Work instructions: The task calls for the lines from the start of the entries below through the line with "Adama Vinyl Cushioned", given again verbatim, with every picture dropped.

Source records:
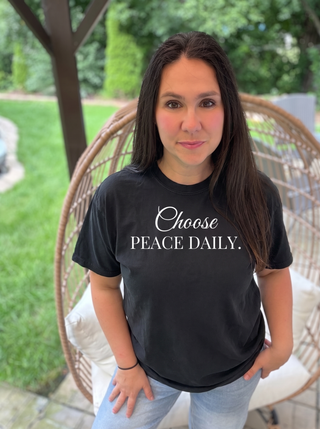 Choose Peace Daily Tee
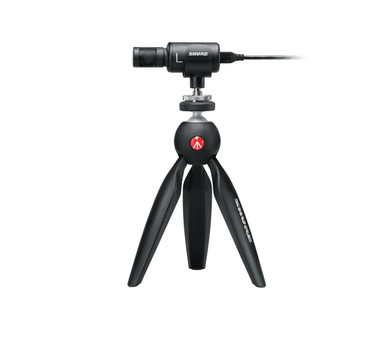 Shure MV88+ Video Kit with Digital Stereo Condenser Microphone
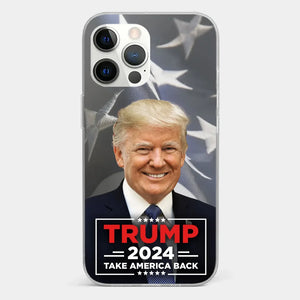 Keep The Nation Strong - US Election Clear Phone Case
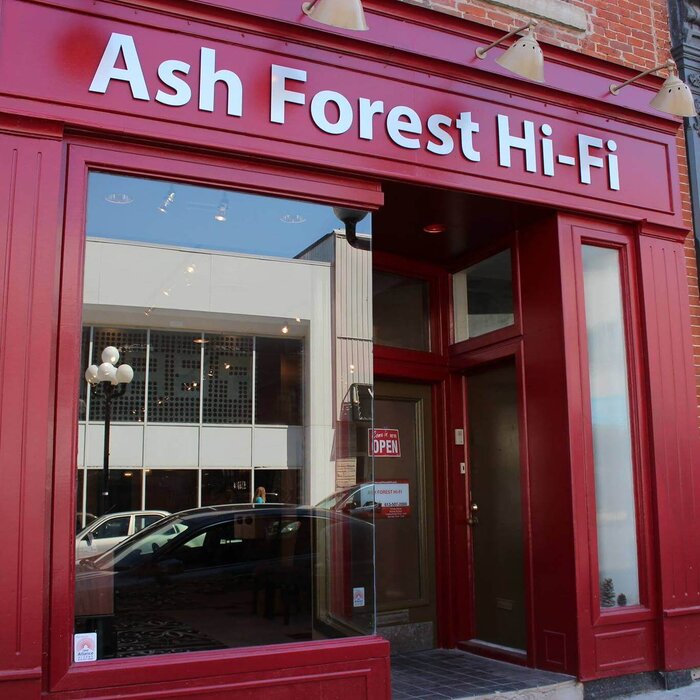 Profile Image: Ash Forest Hi-Fi
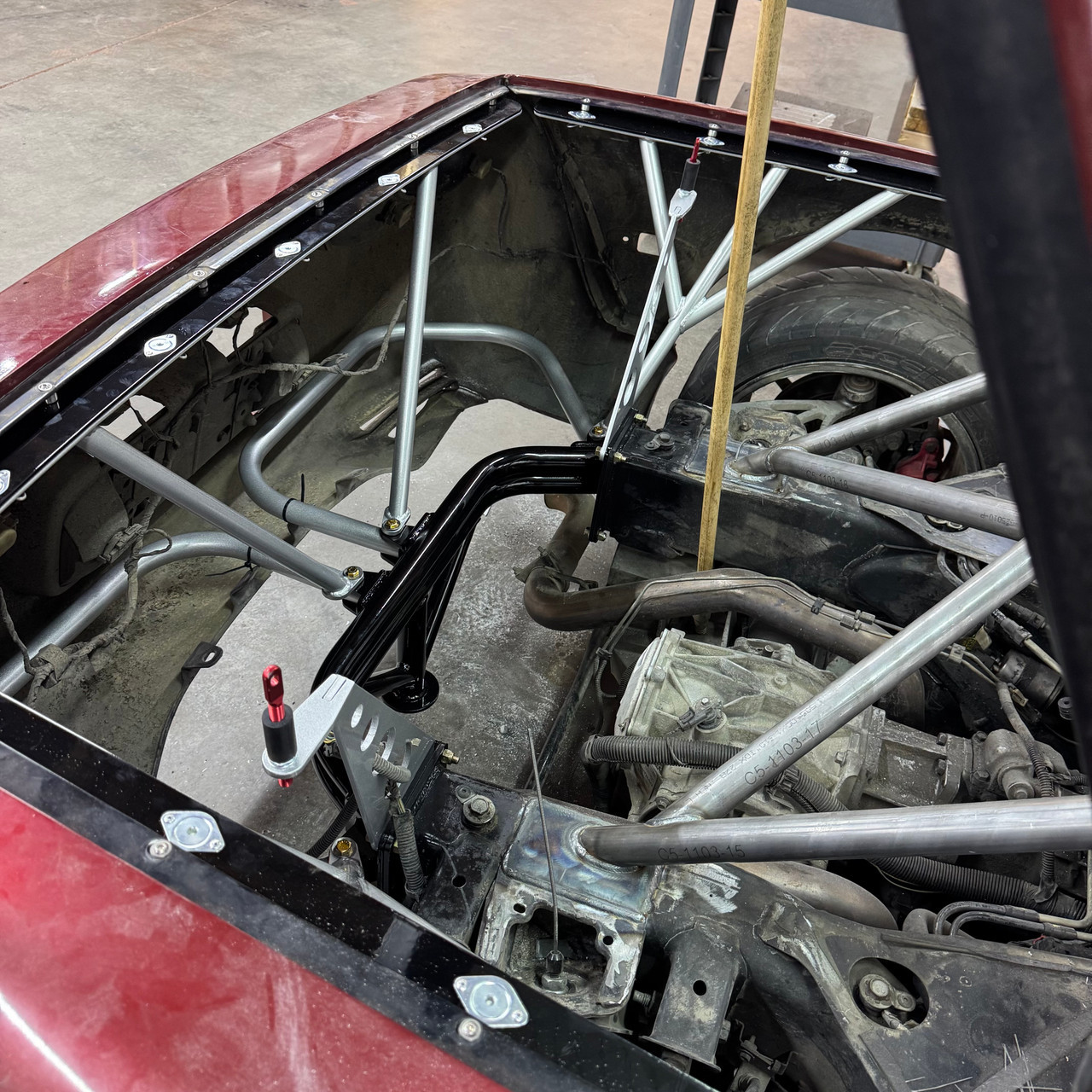 1997-2013 C5 / C6 Corvette Tube Rear Kit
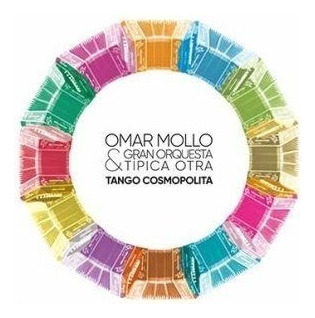 Omar Mollo & Gran Orquesta Tipica Tango Cosmopolita Vinilo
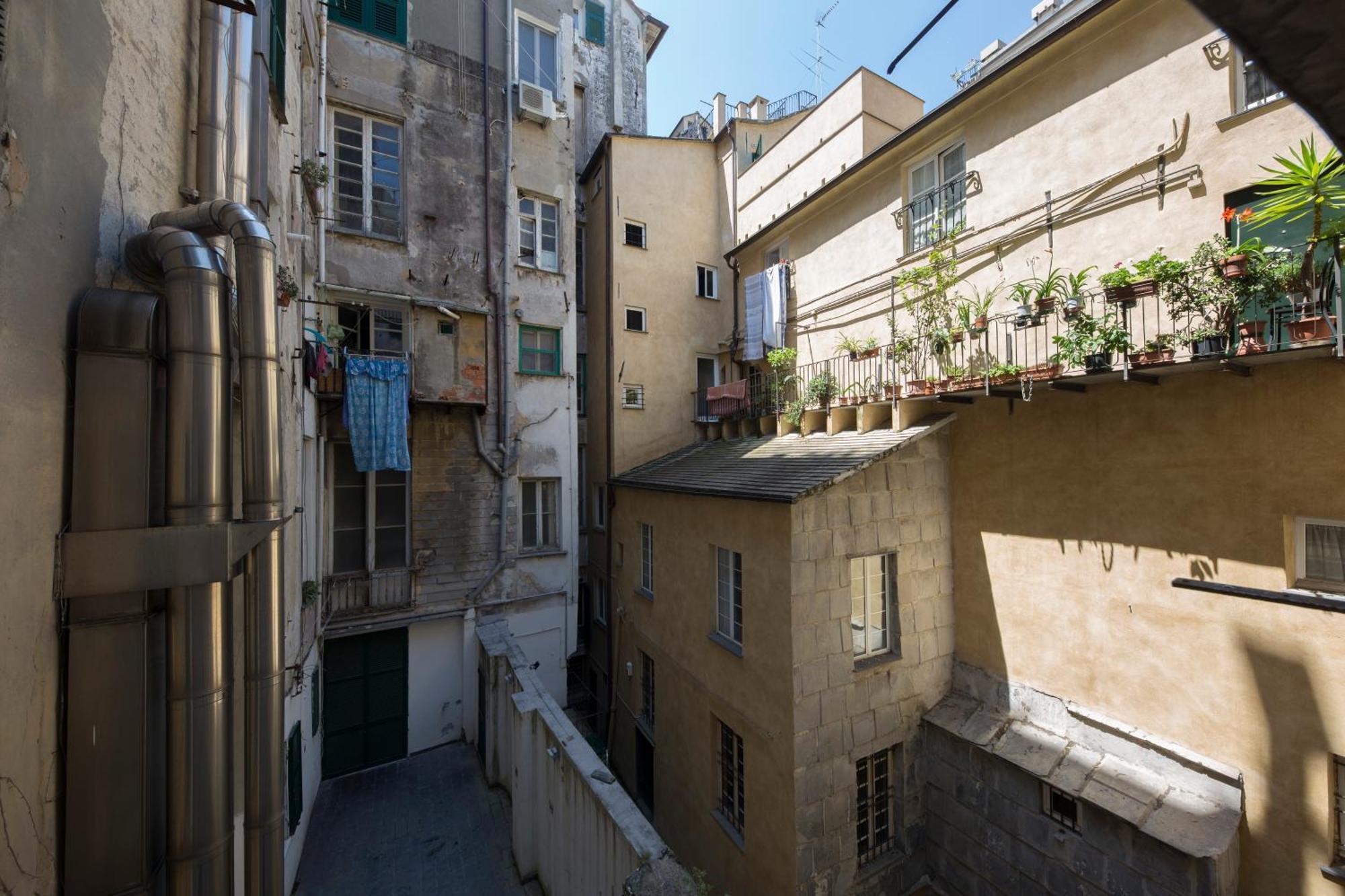 Loft La Citta Vecchia Appartement Genua Buitenkant foto
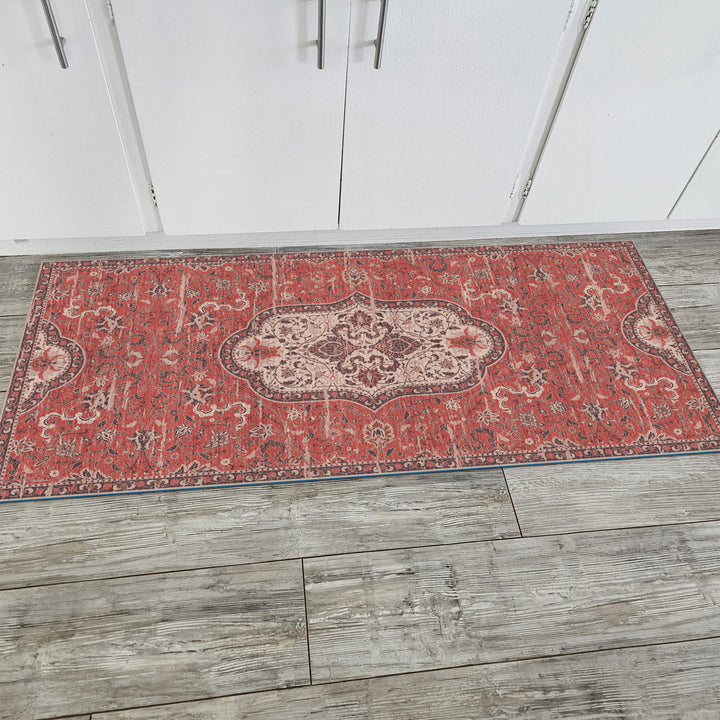 Adama Vinyl Cushioned Comfort Floor Mat (Hamsa_R)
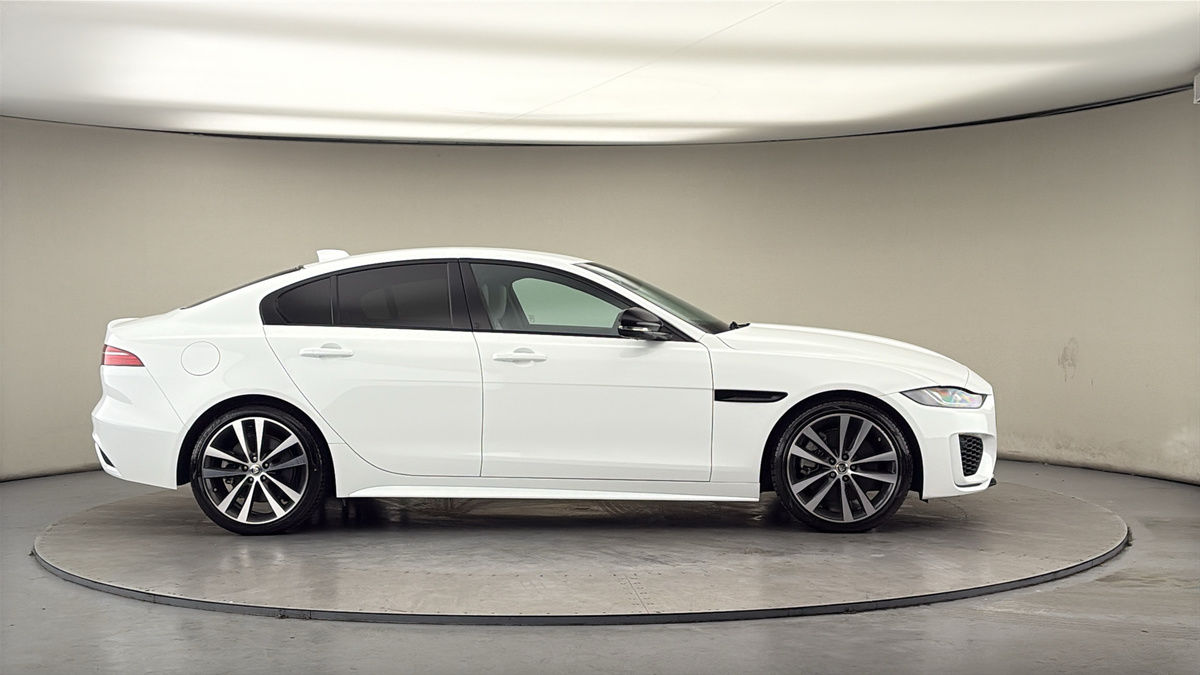 More views of Jaguar XE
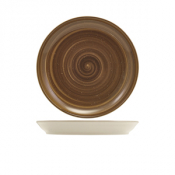 Miro Porcelain Ground Coupe Plate 24cm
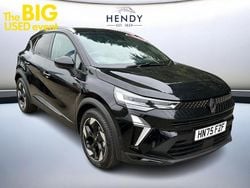 Diamond black New 2025 Renault Captur Techno SUV | £19,999 (Fair price)
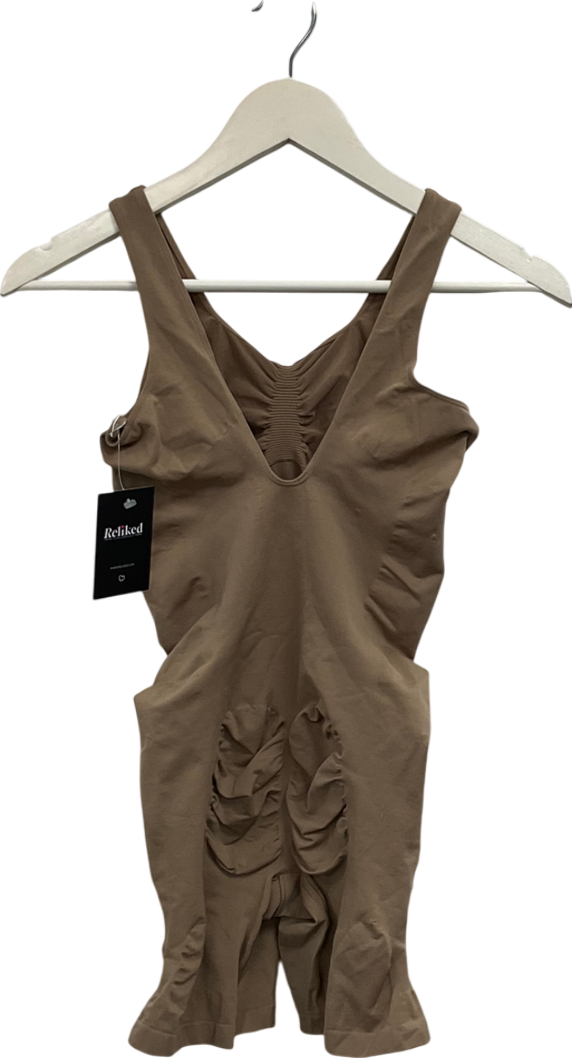 Yitty Nude Midthing Shaping Bodysuit UK XXXL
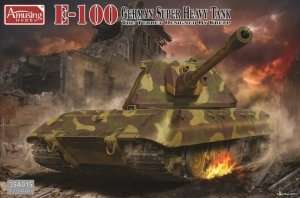 E-100 German Super Heavy Tank in scale 1-35 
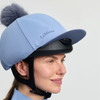 LeMieux Classique Pom Hat Silk, Powdr Blue.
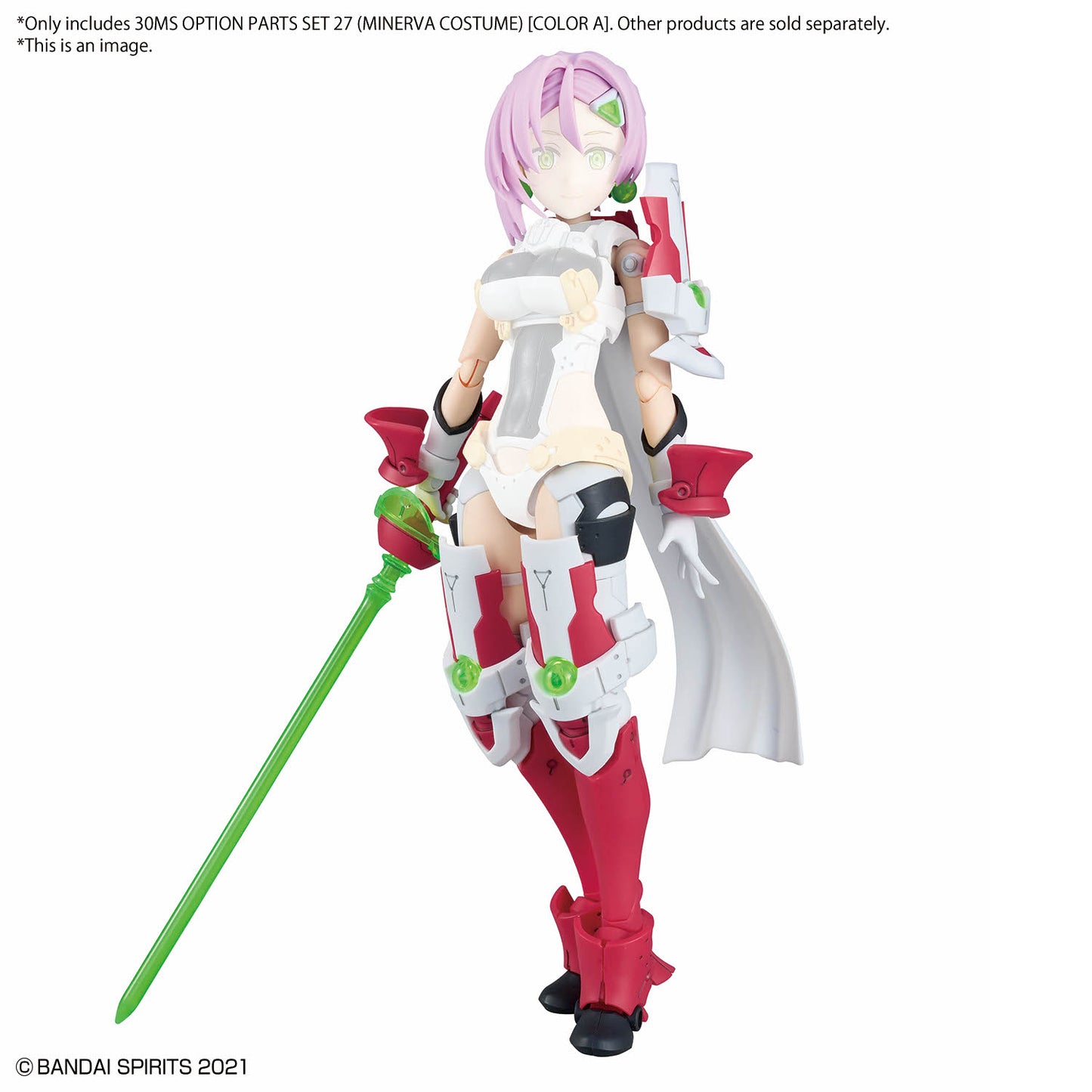 30MS OPTION PARTS SET 27 (MINERVA COSTUME) [COLOR A]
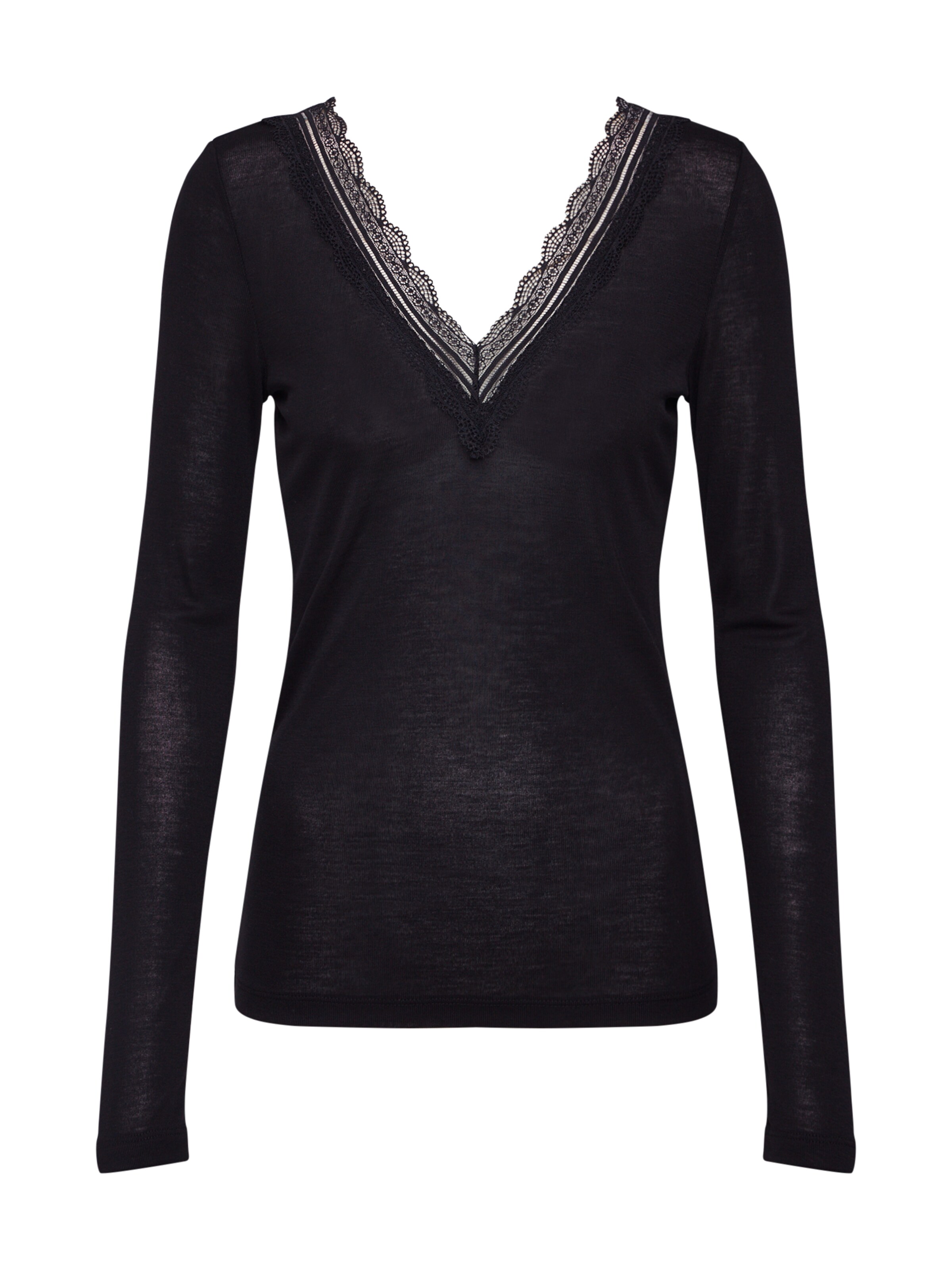 VILA - Shirt 'SUSSA' in de kleur Zwart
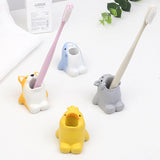 2 x Brand New LLMtn Puppy Figures, Decoration Pen Holder, Brush Holder, Cosmetic Organizer, Funny Original Ornaments for Bathroom Bedroom Vanity Office Desk - RRP €40.8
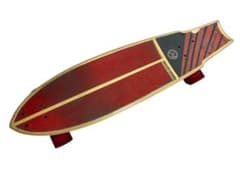 ☆送料無料☆お洒落 クリプトニクス サーフスケートボード 陸トレ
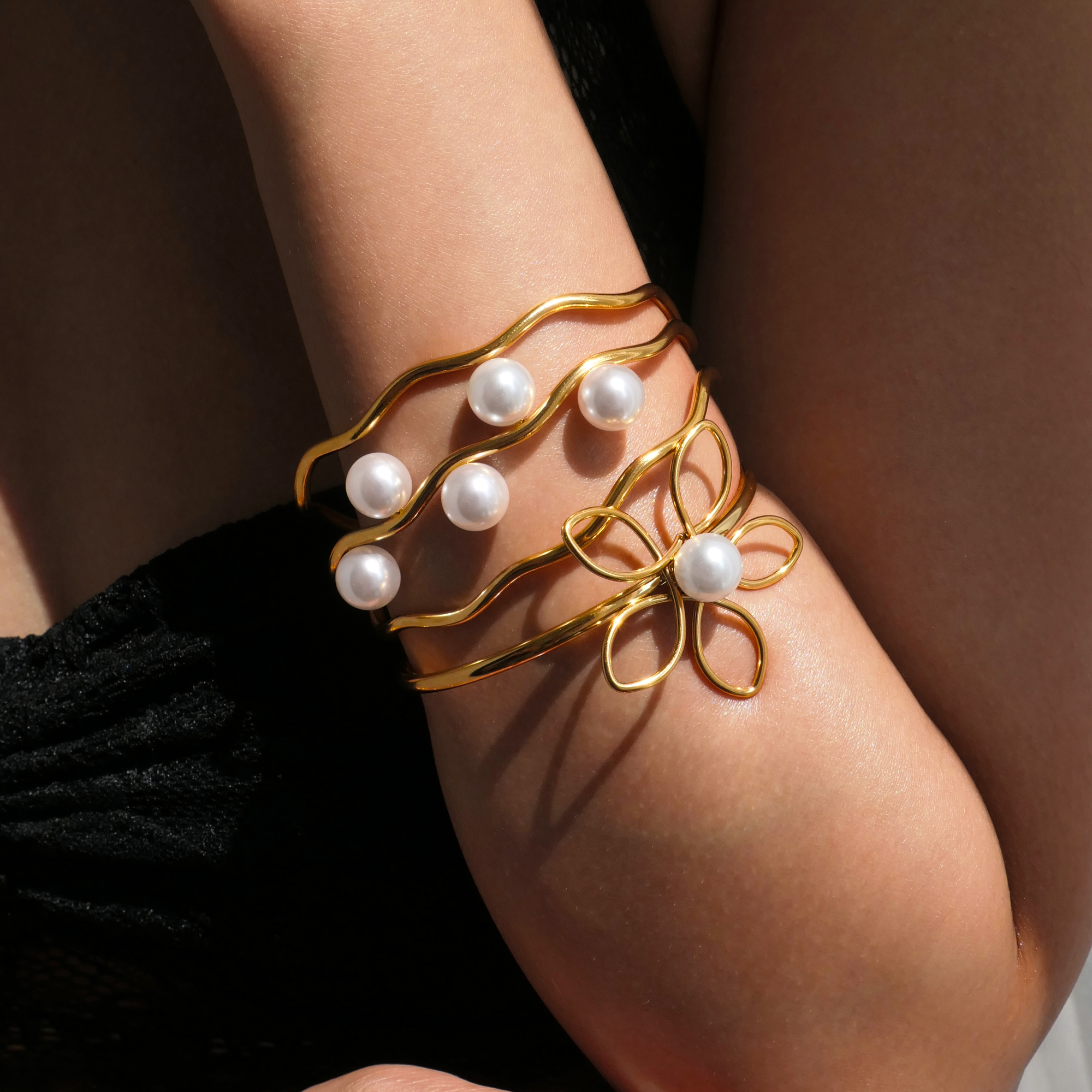 DASEIN New Boho Vogue Bangles  - Women'S Fashion Vogue avaliação e preço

Result for this exercise:
 Choose Peace Daily Tee
 Shure MV88+ Video Kit with Digital Stereo Condenser Microphone
 Keep The Nation Strong - US Election Clear Phone Case
 Profile Image: Ash Forest Hi-Fi
 1997-2013 C5 / C6 Corvette Tube Rear Kit
 Omar Mollo & Gran Orquesta Tipica Tango Cosmopolita Vinilo
 Loft La Citta Vecchia Appartement Genua Buitenkant foto
 Adama Vinyl Cushioned Comfort Floor Mat (Hamsa_R)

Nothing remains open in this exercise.